→ **What you will do**: Repeat nothing but the line that contains "Assalamualaikum warahmatullahi wabarakatuh." and the lines after it, through the end of the listing, exactly as they stand; omit pictures.

-------- Stored data --------

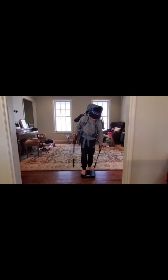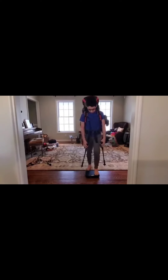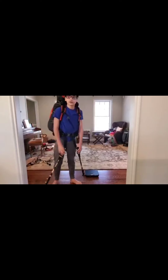So Bro weighs in at 86 pounds without his pack and 114 pounds with it, so that's 28 pounds. And Benny, without the pack, weighs 100 pounds, and with the pack it's 130, so that pack is 30 pounds. So 28, 29, 30 pounds — we divvied that stuff up pretty well, although I would like them to be a little bit lighter.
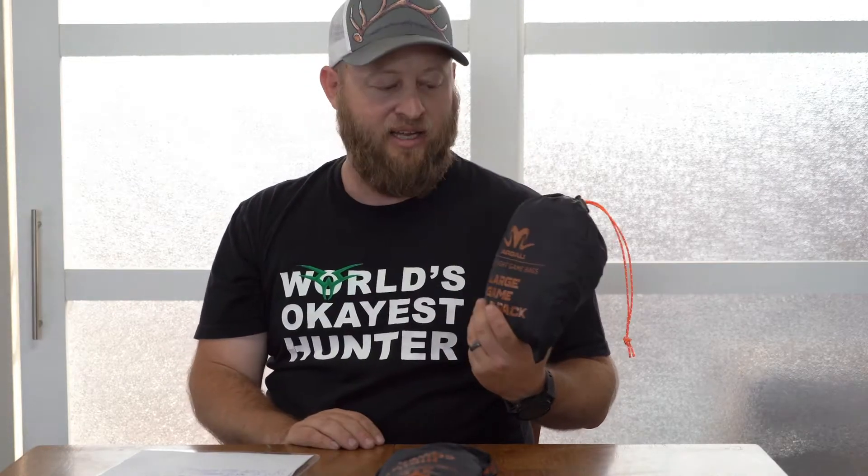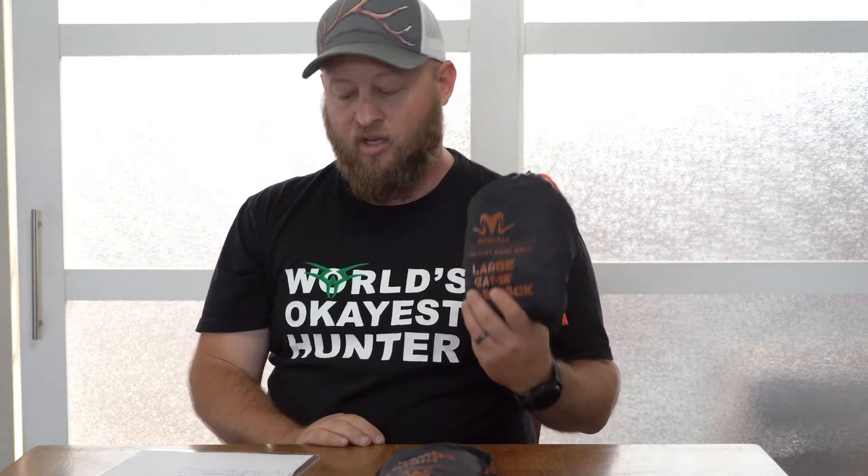The MOB bag is your standard meat-in, bone-in bag, so all the way up to elk. You probably can't get a moose in this one either, but anything bone-in from elk on down, you should be able to get in here.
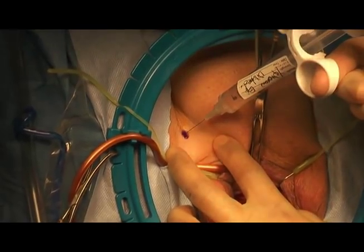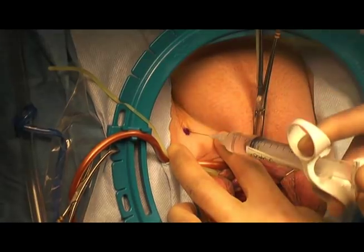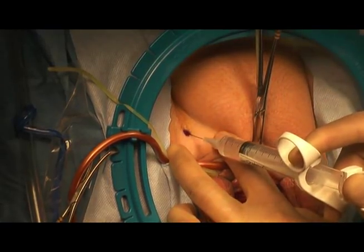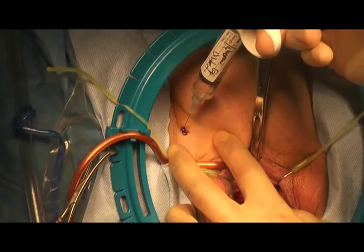I do it straight in, 45 degrees down, and straight down. I can do these procedures in the office if needed under local anesthetic, and certainly when the patient wakes up she will not have any pain because of this.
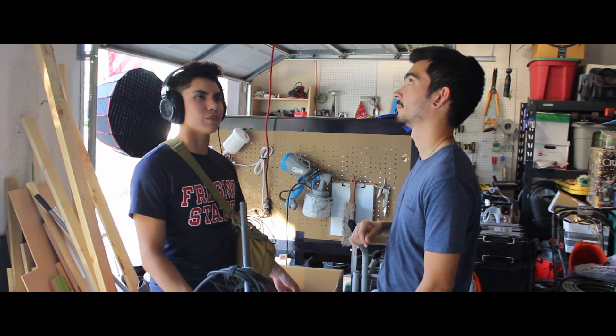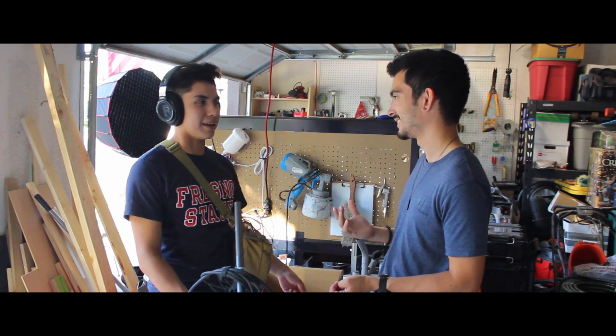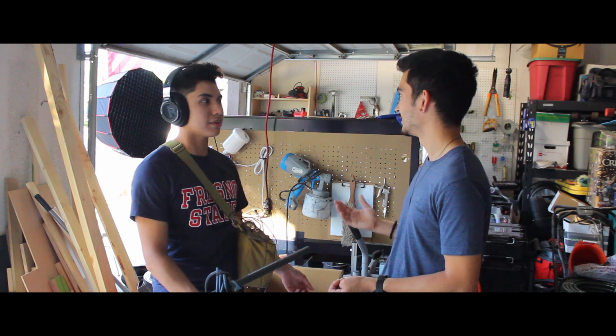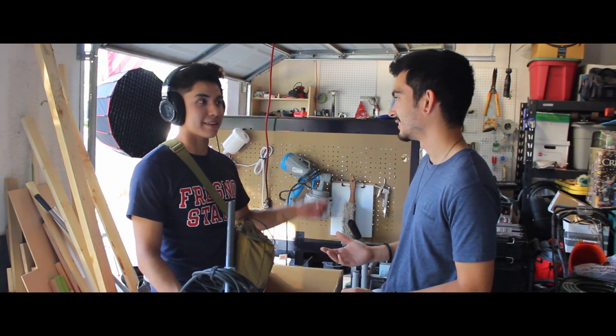So is this your recording studio? Yeah. Isn't it nice? I mean, it kind of works. Do you think you could help spice it up? You mean like this?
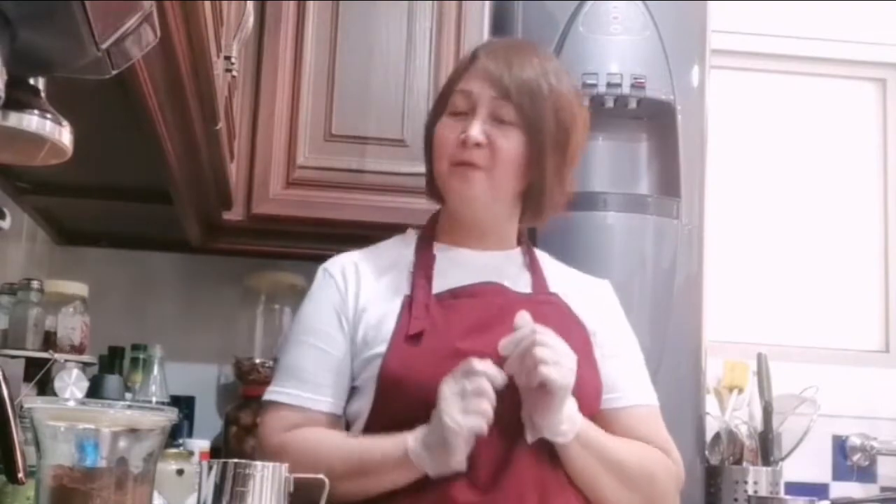Assalamualaikum warahmatullahi wabarakatuh. It's me again, Alia Raquel, and today I'm gonna show you how to make a Turkish coffee. So let's start now.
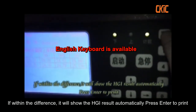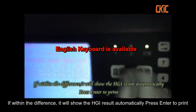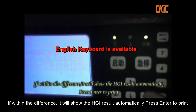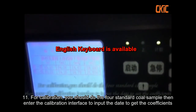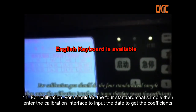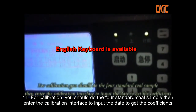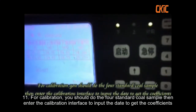Press Enter to print. For calibration, you should run the full standard core sample, then enter the calibration interface to input the data to get the coefficients.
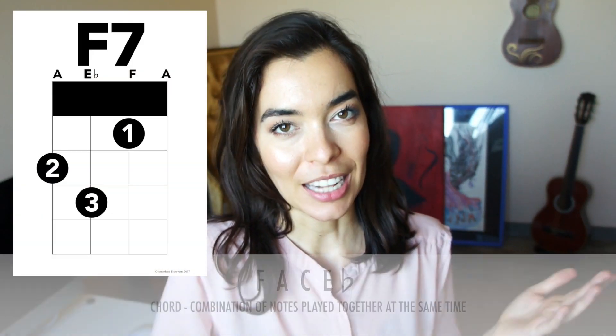Hello and welcome! In this video we will be playing the F7 chord. In order to make an F7 chord we need the notes F, A, C and Eb.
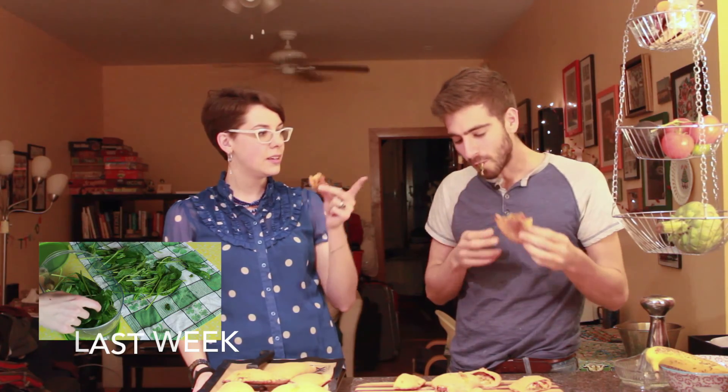Thumbs up this video and be sure to subscribe to Brothers Green Eats — a lot of fun stuff like this, quick easy recipes. Thanks for having me. Thanks for watching. Thanks for making this, and thanks for teaching me about those green things. Exactly — thanks for having me.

--------

→ **Output for this exercise**:
Assalamualaikum warahmatullahi wabarakatuh. It's me again, Alia Raquel, and today I'm gonna show you how to make a Turkish coffee. So let's start now.
Press Enter to print. For calibration, you should run the full standard core sample, then enter the calibration interface to input the data to get the coefficients.
Hello and welcome! In this video we will be playing the F7 chord. In order to make an F7 chord we need the notes F, A, C and Eb.
Thumbs up this video and be sure to subscribe to Brothers Green Eats — a lot of fun stuff like this, quick easy recipes. Thanks for having me. Thanks for watching. Thanks for making this, and thanks for teaching me about those green things. Exactly — thanks for having me.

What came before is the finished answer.